- Web page caption snippets:
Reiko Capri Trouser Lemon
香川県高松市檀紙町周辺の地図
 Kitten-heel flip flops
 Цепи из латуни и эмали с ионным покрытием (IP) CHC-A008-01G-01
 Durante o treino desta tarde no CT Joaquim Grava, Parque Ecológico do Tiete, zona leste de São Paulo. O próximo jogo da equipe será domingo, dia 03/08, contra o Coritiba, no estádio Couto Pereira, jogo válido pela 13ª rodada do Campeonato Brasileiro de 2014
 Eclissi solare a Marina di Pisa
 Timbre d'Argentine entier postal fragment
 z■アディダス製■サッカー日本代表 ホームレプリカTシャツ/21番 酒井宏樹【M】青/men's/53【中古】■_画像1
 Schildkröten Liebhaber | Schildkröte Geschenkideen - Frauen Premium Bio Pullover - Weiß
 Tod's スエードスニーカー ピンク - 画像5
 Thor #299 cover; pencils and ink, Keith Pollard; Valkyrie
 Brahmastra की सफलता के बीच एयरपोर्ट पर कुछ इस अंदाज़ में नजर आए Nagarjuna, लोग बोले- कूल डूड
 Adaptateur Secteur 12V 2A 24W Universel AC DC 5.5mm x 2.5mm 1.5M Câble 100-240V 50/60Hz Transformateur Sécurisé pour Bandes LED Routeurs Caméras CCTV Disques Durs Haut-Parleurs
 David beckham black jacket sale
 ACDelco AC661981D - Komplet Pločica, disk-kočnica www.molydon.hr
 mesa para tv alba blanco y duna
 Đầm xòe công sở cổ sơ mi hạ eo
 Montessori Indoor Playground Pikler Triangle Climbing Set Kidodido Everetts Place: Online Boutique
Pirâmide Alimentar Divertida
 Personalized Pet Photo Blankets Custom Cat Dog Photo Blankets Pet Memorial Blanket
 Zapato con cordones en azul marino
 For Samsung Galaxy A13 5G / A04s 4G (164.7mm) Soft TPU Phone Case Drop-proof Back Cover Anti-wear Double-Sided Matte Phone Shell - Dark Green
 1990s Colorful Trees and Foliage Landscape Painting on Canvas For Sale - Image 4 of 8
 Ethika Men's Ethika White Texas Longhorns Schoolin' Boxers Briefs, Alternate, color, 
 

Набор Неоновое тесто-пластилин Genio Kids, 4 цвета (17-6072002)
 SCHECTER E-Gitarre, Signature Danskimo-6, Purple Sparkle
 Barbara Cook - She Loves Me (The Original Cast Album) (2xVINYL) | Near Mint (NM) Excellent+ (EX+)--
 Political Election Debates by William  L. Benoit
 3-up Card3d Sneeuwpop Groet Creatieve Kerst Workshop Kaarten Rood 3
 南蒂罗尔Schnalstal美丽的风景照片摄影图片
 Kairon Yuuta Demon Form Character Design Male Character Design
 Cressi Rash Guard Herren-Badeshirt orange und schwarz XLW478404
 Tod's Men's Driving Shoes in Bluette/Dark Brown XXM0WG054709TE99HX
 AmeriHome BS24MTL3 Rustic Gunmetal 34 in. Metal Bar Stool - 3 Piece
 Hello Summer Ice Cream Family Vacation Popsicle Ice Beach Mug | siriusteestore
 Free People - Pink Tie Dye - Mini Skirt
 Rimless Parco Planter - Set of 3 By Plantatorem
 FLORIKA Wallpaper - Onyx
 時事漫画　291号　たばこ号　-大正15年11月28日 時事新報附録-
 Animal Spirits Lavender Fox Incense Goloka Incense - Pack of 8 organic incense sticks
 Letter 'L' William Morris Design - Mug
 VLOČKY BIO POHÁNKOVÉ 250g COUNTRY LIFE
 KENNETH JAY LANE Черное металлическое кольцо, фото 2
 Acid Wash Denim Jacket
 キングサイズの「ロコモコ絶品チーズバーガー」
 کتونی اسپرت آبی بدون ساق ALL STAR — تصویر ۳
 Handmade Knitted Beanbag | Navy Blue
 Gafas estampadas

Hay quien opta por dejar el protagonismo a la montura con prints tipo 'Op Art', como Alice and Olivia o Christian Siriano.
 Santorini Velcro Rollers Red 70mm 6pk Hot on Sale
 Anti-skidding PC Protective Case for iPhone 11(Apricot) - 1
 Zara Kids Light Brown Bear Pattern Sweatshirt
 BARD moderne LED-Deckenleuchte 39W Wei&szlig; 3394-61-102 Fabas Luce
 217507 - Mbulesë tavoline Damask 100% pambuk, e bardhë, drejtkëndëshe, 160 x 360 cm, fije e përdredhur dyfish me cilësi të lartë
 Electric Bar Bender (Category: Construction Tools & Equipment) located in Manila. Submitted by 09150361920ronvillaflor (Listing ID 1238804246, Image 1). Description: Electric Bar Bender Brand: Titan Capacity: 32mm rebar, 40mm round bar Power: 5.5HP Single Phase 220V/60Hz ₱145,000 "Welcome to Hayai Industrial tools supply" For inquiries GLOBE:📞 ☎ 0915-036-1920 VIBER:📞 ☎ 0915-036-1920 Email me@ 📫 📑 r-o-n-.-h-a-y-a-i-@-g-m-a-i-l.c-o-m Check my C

- WORK ITEM: Please find the lines in the data that contain the word "Dark" and copy them.

- RESULT OF THE TASK:
 For Samsung Galaxy A13 5G / A04s 4G (164.7mm) Soft TPU Phone Case Drop-proof Back Cover Anti-wear Double-Sided Matte Phone Shell - Dark Green
 Tod's Men's Driving Shoes in Bluette/Dark Brown XXM0WG054709TE99HX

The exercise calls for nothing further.